His ambition and her purity can’t co-exist. The film depicts their two years together by shifting between endless political arguments (the particulars change, but each boils down to her radicalism vs. his liberal gradualism) and sex scenes (all teary orgasms and whispered endearments). Their conflict is never resolved, as Sarah is killed while smuggling Allende supporters from Pinochet’s Chile in 1974. Billy, distraught, gives himself up to his destiny, dutifully becoming a cog in the Chicago Democratic machine.
When a political scandal leaves a Senate seat open ten years later, Fielding runs as the machine candidate. Just on the brink of fulfilling his ambitions, he becomes obsessed by his memories of Sarah and begins drifting towards madness.
A linear synopsis is misleading, since Waking the Dead juggles its chronology. Sarah’s 1974 death opens the film, then we bounce back and forth between the Senate race and their budding love affair. It’s an odd and intriguing structure (cribbed, one assumes, from The Godfather Part II), intended to illuminate the unexpected ways that past events determine the present. It never quite works, however, because the constant shifts back and forth prevent any real forward momentum. Worse, since the flashbacks are monotonous variations on the same discussion, there’s nothing new to be learned from the repetition. We’re back in that dorm room, hearing the Che Guevera manque railing at the student government policy wonk one more time.

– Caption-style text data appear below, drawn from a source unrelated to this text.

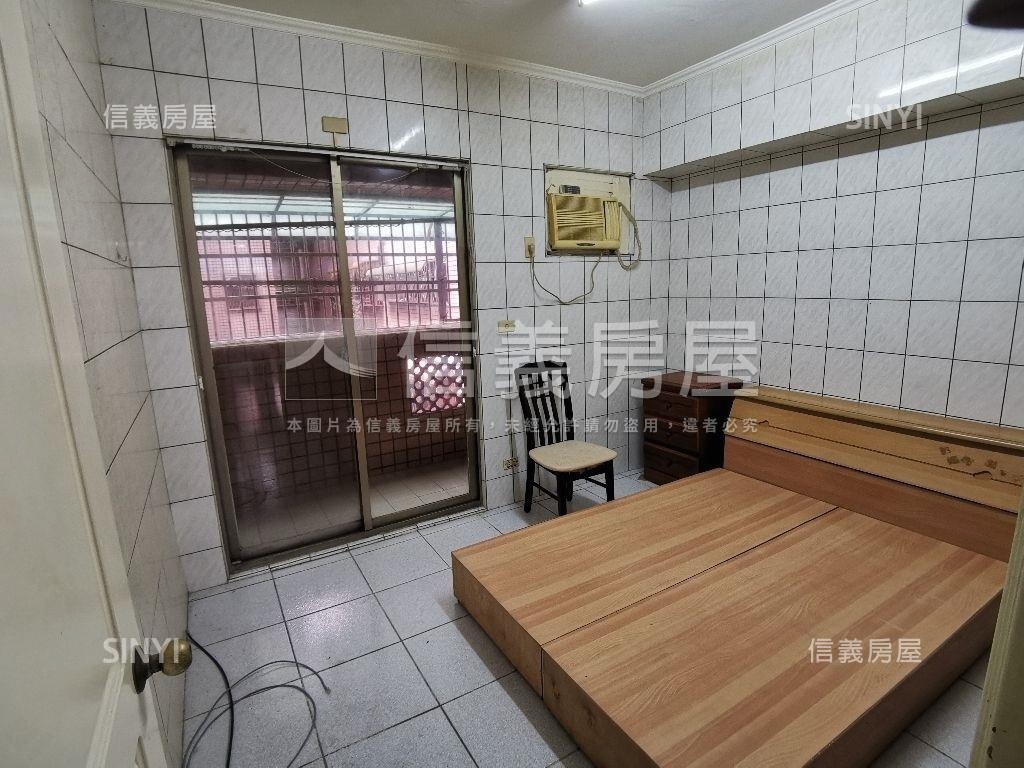 尊爵電梯大空間附車位房屋室內格局與周邊環境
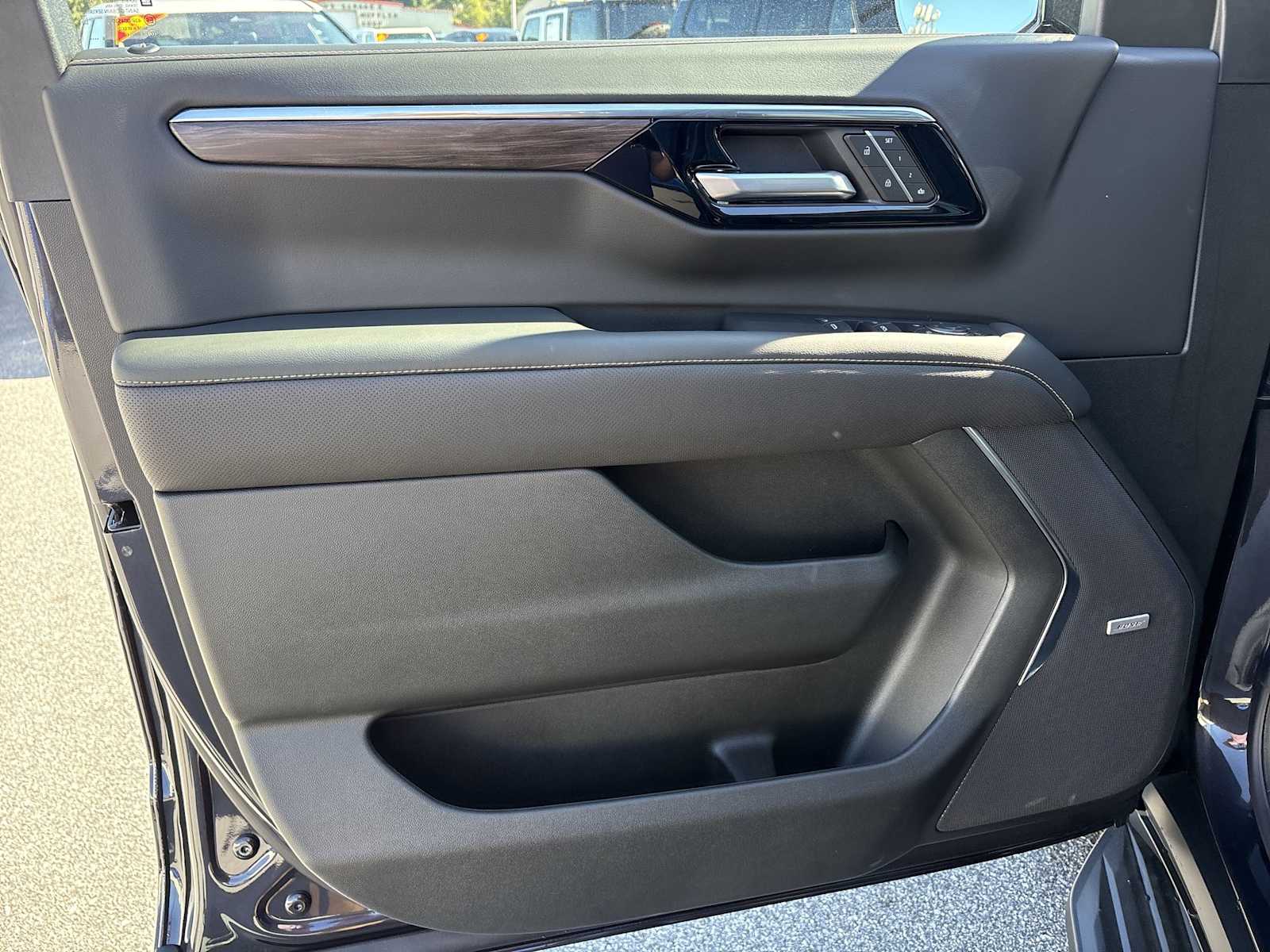 2027 Chevrolet Tahoe Premier - Photo 23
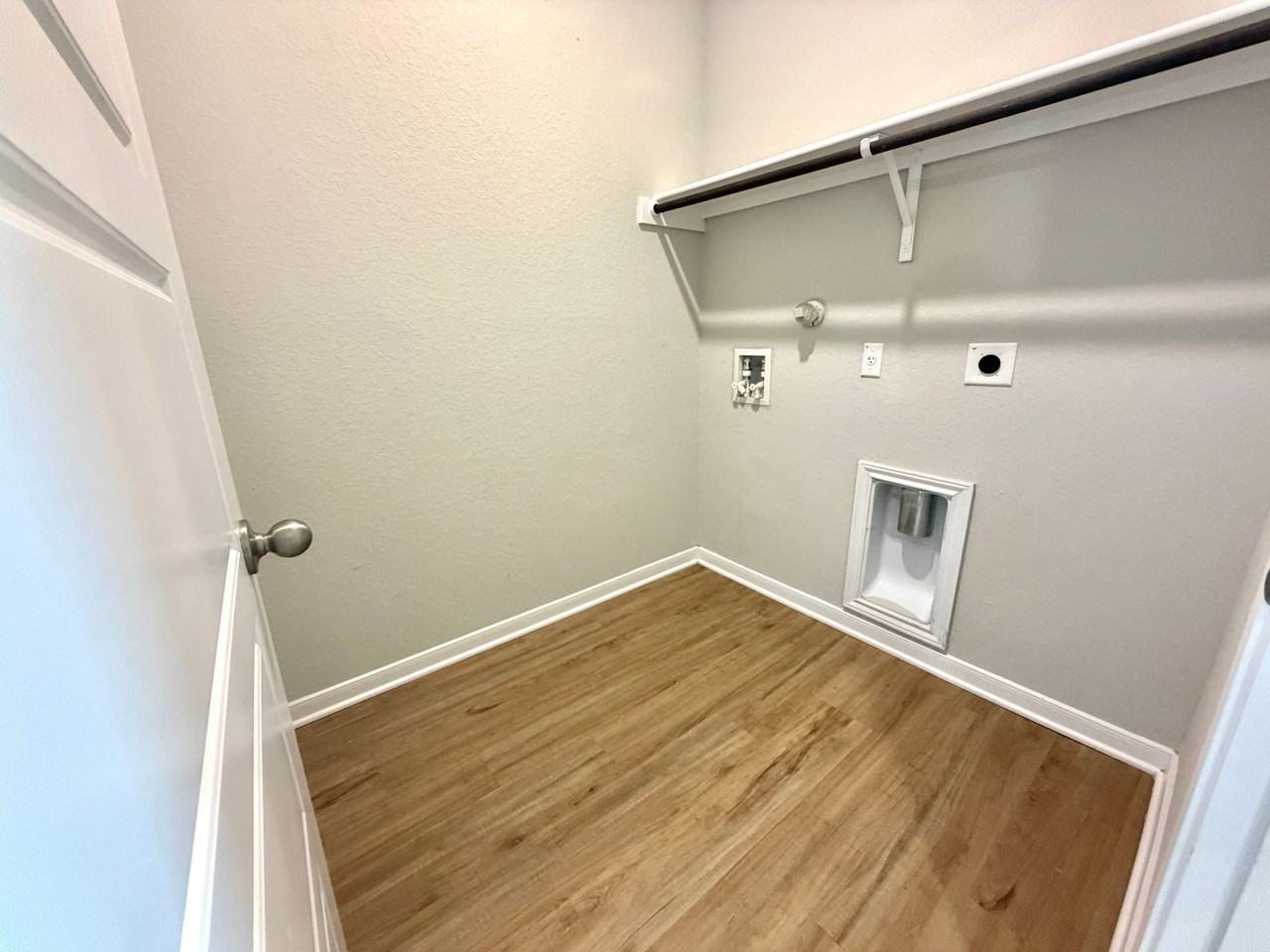 153 Nespral Dr - Photo 5 of 17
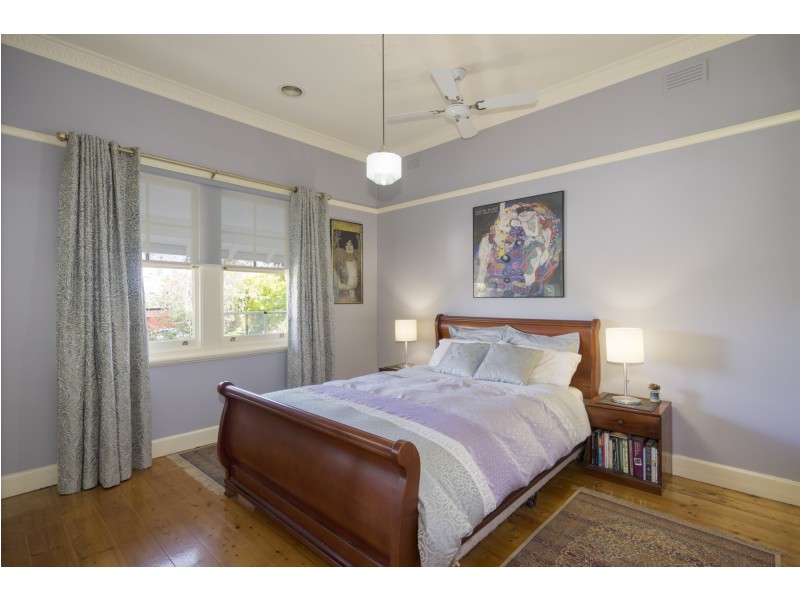 10 Mattingley Crescent, Brunswick West VIC 3055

The leads look exactly right. Connelly was born for ponchos and peasant dresses, while Crudup could pass himself off as a Kennedy cousin. Though the script imagines Sarah as a Madonna, too good for this world, Connelly manages to spice her warm, touching performance with hints of arrogance and jarring, prickly intelligence. Crudup is flat but serviceable, more interesting as the earnest young lover than as the compromised politico who dominates the film. Paul Hipp, as his publisher brother Danny, gives an outlandishly histrionic performance, which might be fun if the film didn’t take itself so very seriously. The last thing it’s willing to do is laugh at itself, so his bug-eyed, screaming argument with Fielding plays like a summer stock production of True West. Sandra Oh, Hal Holbrook and Janet McTeer, gifted performers all, barely register in their supporting roles.
No one is helped by the over-written dialogue, which strains for literary effect. "Ambition is the ice on the lake of emotion" would be a bad enough line on the page, but spoken aloud it’s so far removed from even the most rarified conversation it’s laughable. The script (by Robert Dillon, from Scott Spencer’s novel) saves the most thudding lines for its key moments, so again and again we build to emotional peaks that are leveled with off-key, impossible to perform dialogue.
Since we only see Sarah in flashback, and Fielding always has the helmet hair of a machine politician, Danny bears the brunt of signifying each new era. His muttonchops and wide lapels give way to a green leather jacket and spiky new wave ‘do, while his office decor shifts from bean bag chairs to corporate anonymity. The period detail is both garish and obvious. It doesn’t feel lived in – the film has the look of a quickly decorated set. It’s a small distraction, like the synthesizer wash of minor chords that serve as a score, but the lack of attention to these small details conspire to make the film feel inauthentic.
In its attempt to wed wildly disparate genres and tones – to be Vertigo as a political bildungsroman – Waking the Dead is an undeniably ambitious film. It’s a disappointment that the result achieved is a muddle rather than a synthesis. It’s a good story, undermined by its telling.